Adaptive and Safe Bayesian Optimization in High Dimensions via One-Dimensional Subspaces
This work addresses the scalability and safety issues in Bayesian optimization for high-dimensional settings, such as in scientific applications like free-electron lasers, though it is incremental as it builds on existing subspace and safe optimization methods.
The authors tackled the challenge of scaling Bayesian optimization to high dimensions by proposing LineBO, which restricts optimization to iteratively chosen one-dimensional subspaces, achieving competitive performance on synthetic benchmarks and successfully optimizing a 40-parameter beam intensity problem with safety constraints.

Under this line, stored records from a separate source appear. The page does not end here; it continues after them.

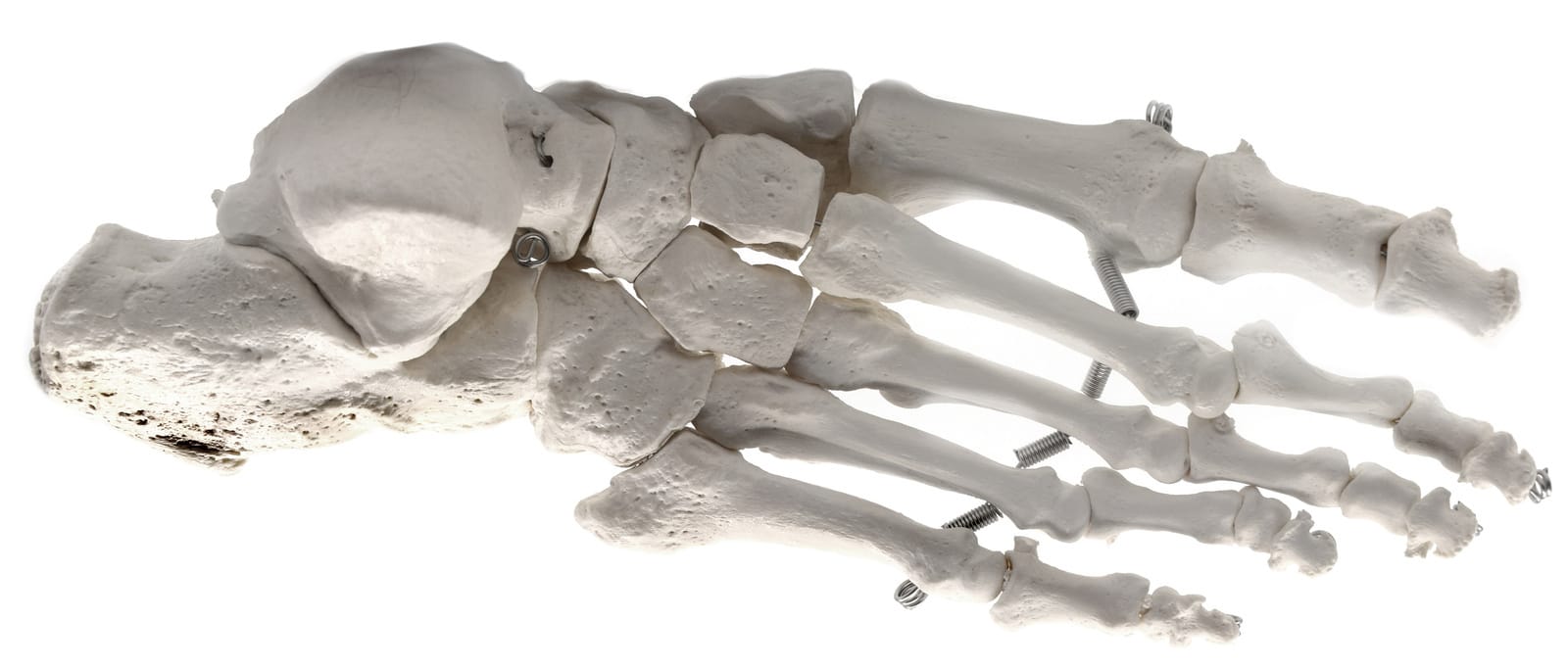 Eisco® Individual Bones
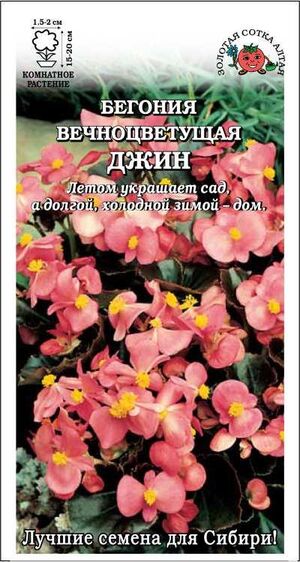 Бегония Вечноцветущая Джин Золотая Сотка Алтая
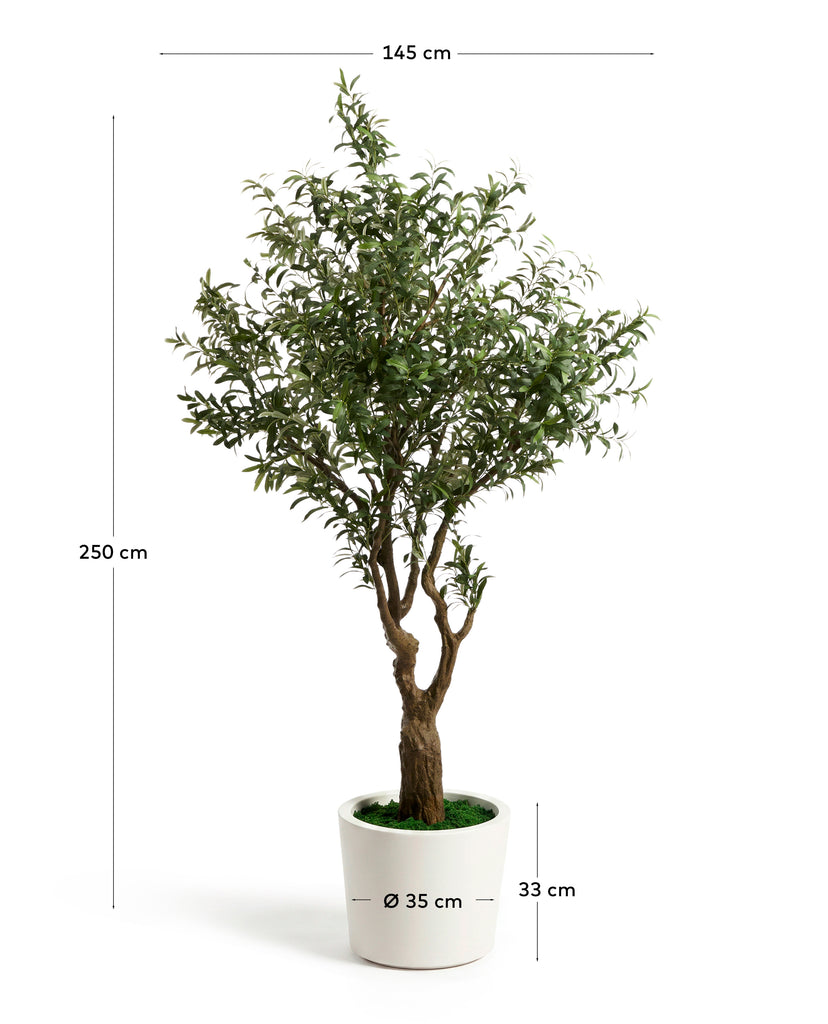 Arbre artificiel Olivo avec pot blanc 250 cm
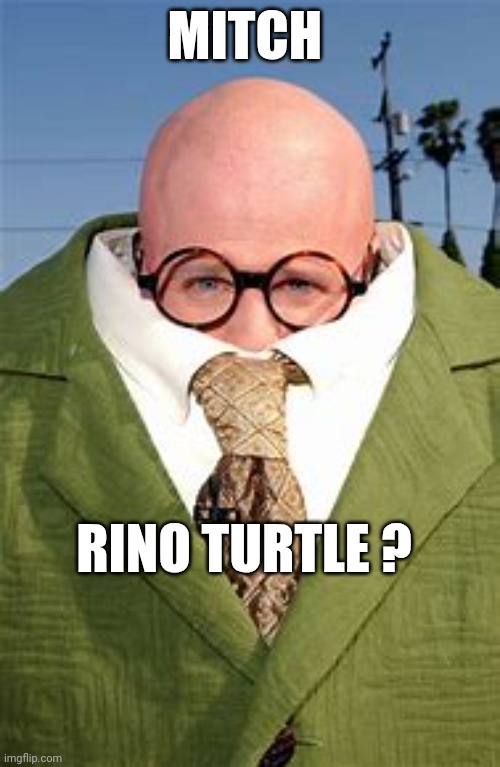 McConnell turtle | MITCH; RINO TURTLE ? | image tagged in dana carvey turtle | made w/ Imgflip meme maker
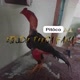 criador oficial 🐣🐥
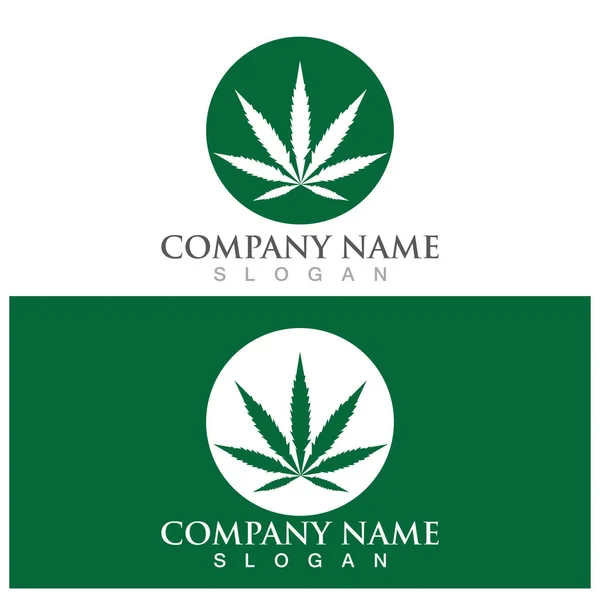 Cannabis Blatt Symbol Und Symbol Vektor — Stockvektor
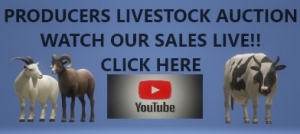 You Tube Video Link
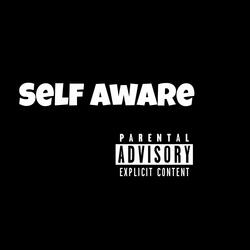Self Aware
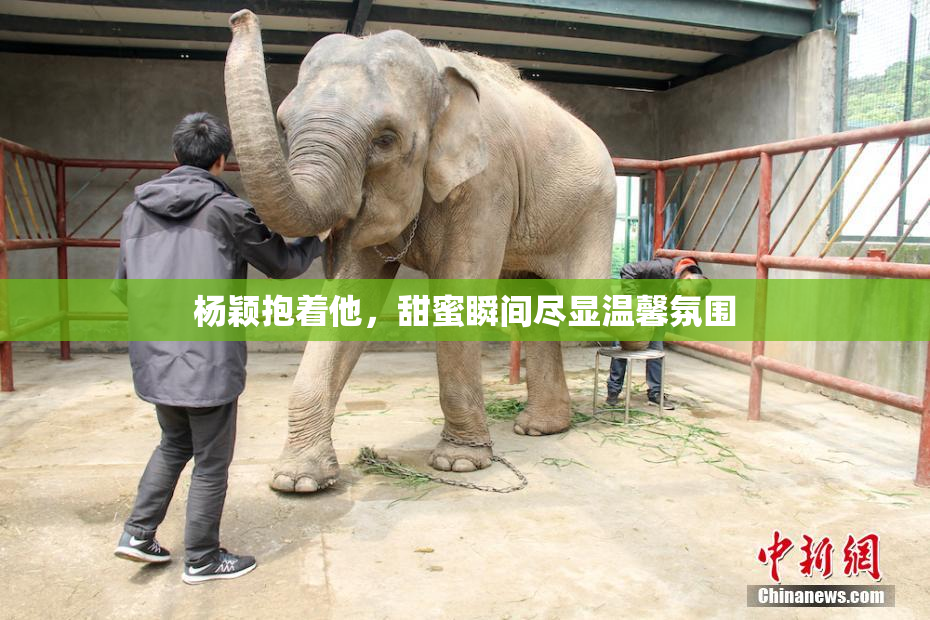 杨颖抱着他，甜蜜瞬间尽显温馨氛围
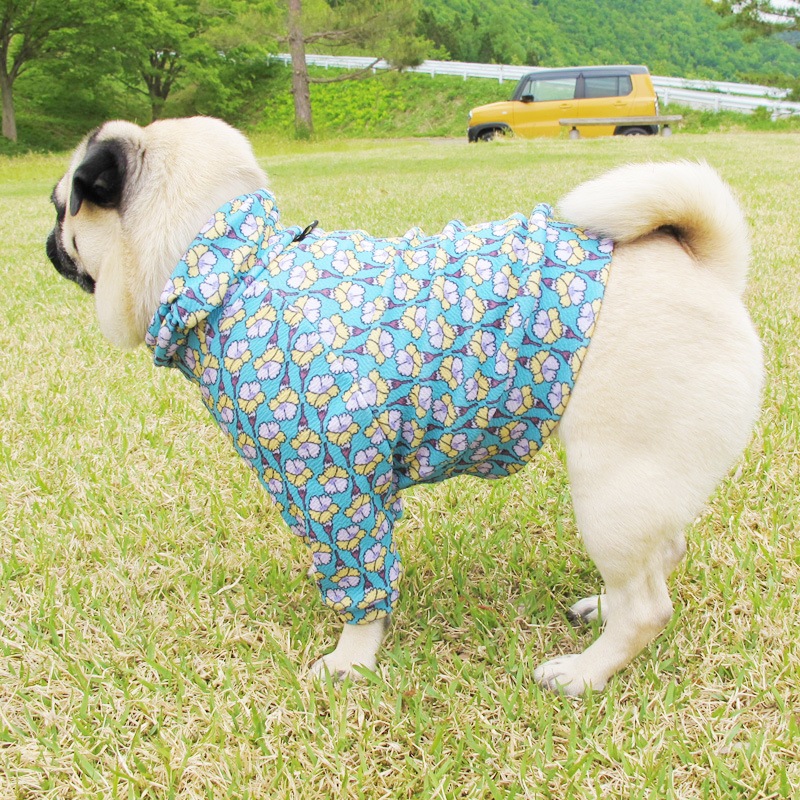 �Ĥ�XL�������Τߡ�������֥꡼�եȥ졼�ʡ��ڰ���Τߥ᡼���زġ�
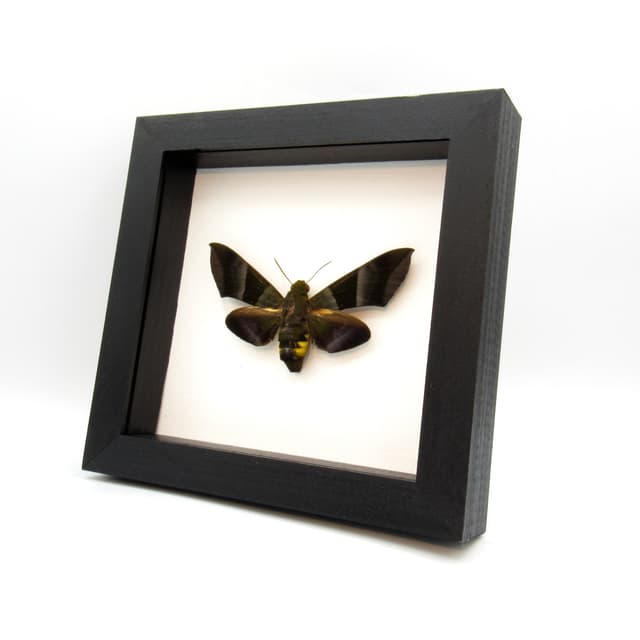 Very rare giant green Hawkmoth framed taxidermy - Oryba kadeni - large female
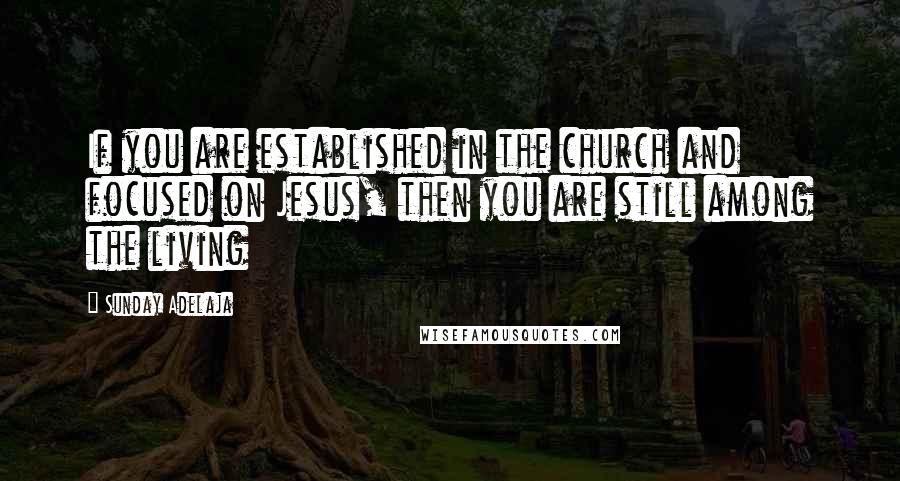 Sunday Adelaja Quotes: If you are established in the church and focused on Jesus, then you are still among the living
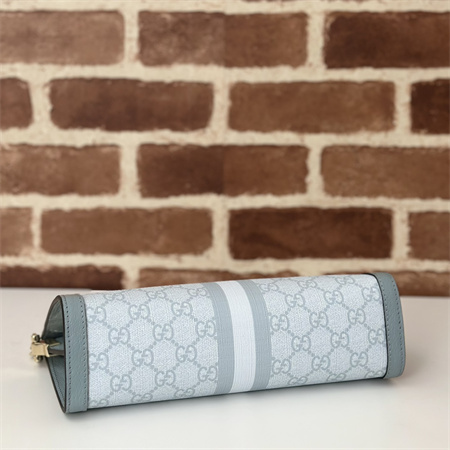 Gu.cci Ophidia GG Small Shoulder Bag Supreme Canvas Dusty Blue 503877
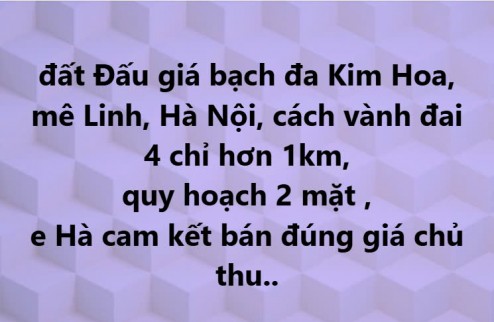 CƠ HỘI VÀNG ĐẦU TƯ ĐẤT VÀNH ĐAI 4 tại đấu giá BẠCH ĐA KIM HOA MÊ LINH HÀ NỘI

Bayesian optimization is known to be difficult to scale to high dimensions, because the acquisition step requires solving a non-convex optimization problem in the same search space. In order to scale the method and keep its benefits, we propose an algorithm (LineBO) that restricts the problem to a sequence of iteratively chosen one-dimensional sub-problems that can be solved efficiently. We show that our algorithm converges globally and obtains a fast local rate when the function is strongly convex. Further, if the objective has an invariant subspace, our method automatically adapts to the effective dimension without changing the algorithm. When combined with the SafeOpt algorithm to solve the sub-problems, we obtain the first safe Bayesian optimization algorithm with theoretical guarantees applicable in high-dimensional settings. We evaluate our method on multiple synthetic benchmarks, where we obtain competitive performance. Further, we deploy our algorithm to optimize the beam intensity of the Swiss Free Electron Laser with up to 40 parameters while satisfying safe operation constraints.